(Eccl. 4:9-12) Should we quote this passage at weddings?

CLAIM: The book of Ecclesiastes is a view of human purpose apart from God. But Christians often use this passage to apply to Christian marriage. Solomon writes, “Two are better than one because they have a good return for their labor. 10 For if either of them falls, the one will lift up his companion. But woe to the one who falls when there is not another to lift him up. 11 Furthermore, if two lie down together they keep warm, but how can one be warm alone? 12 And if one can overpower him who is alone, two can resist him. A cord of three strands is not quickly torn apart” (Eccl. 4:9-12). Pastors often say that the third cord is God in Christian marriage. But is this a misappropriated verse?

RESPONSE: We have no problem critiquing a devotionalist use of Scripture (see “Faulty Hermeneutical Systems”). If this passage is being misinterpreted, then so be it. This interpretation could be an example of right message, but wrong passage.
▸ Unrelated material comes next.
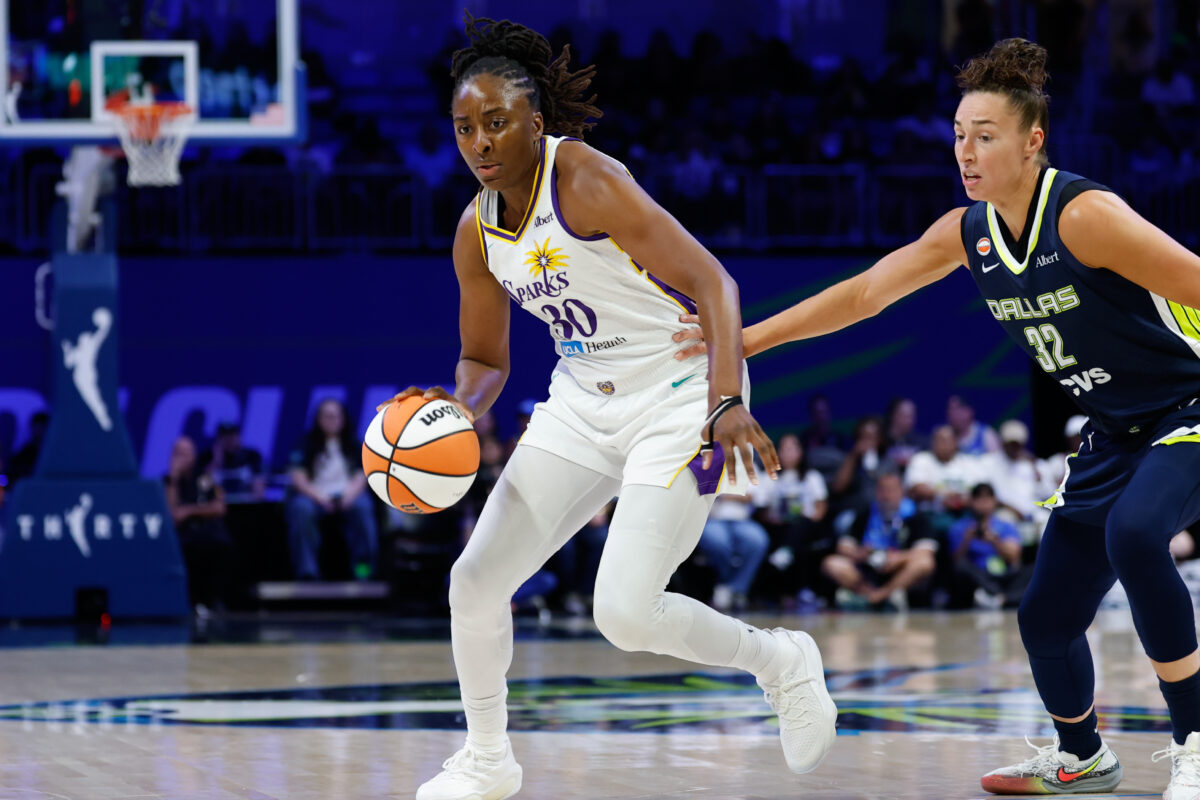Sep 17, 2026; Arlington, Texas, USA;  Los Angeles Sparks forward Nneka Ogwumike (30) dribbles against Dallas Wings forward Jessica Shepard (32) during the first half at College Park Center.  Mandatory Credit: Chris Jones-Imagn Images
The two lie together (Eccl. 4:11), but this doesn’t necessarily mean that they are husband and wife. The purpose of lying together is for warmth—not sexual intercourse. Garrett writes, “It is an image derived from that of travelers who must lie beside each other to stay warm on cold desert nights.”[1]

The portion about the “third cord” being God is questionable, because the point of this book is to explain what life is like apart from God (see verse 7). Solomon might just be saying that there is safety in numbers.[2] Kidner[3] speculates that children are in view, but this probably too specific in his estimation. In context, Solomon has nothing to say about marriage. Instead, his focus is on work and having security in relationships. There may be a tangential application to marriage. As Wright explains, “This proverb applies to all relationships and is certainly relevant for members of the body of Christ.”[4] But marriage does not seem to be Solomon’s focus.

[1] Duane A. Garrett, Proverbs, Ecclesiastes, Song of Songs, vol. 14, The New American Commentary (Nashville: Broadman & Holman Publishers, 1993), 308.

[2] Michael A. Eaton, Ecclesiastes: An Introduction and Commentary, vol. 18, Tyndale Old Testament Commentaries (Downers Grove, IL: InterVarsity Press, 1983), 109.

[3] Derek Kidner, The Message of Ecclesiastes: A Time to Mourn, and a Time to Dance, ed. J. Alec Motyer and Derek Tidball, The Bible Speaks Today (England: Inter-Varsity Press, 1984), 51.

[4] J. Stafford Wright, “Ecclesiastes,” in The Expositor’s Bible Commentary: Psalms, Proverbs, Ecclesiastes, Song of Songs, ed. Frank E. Gaebelein, vol. 5 (Grand Rapids, MI: Zondervan Publishing House, 1991), 1166.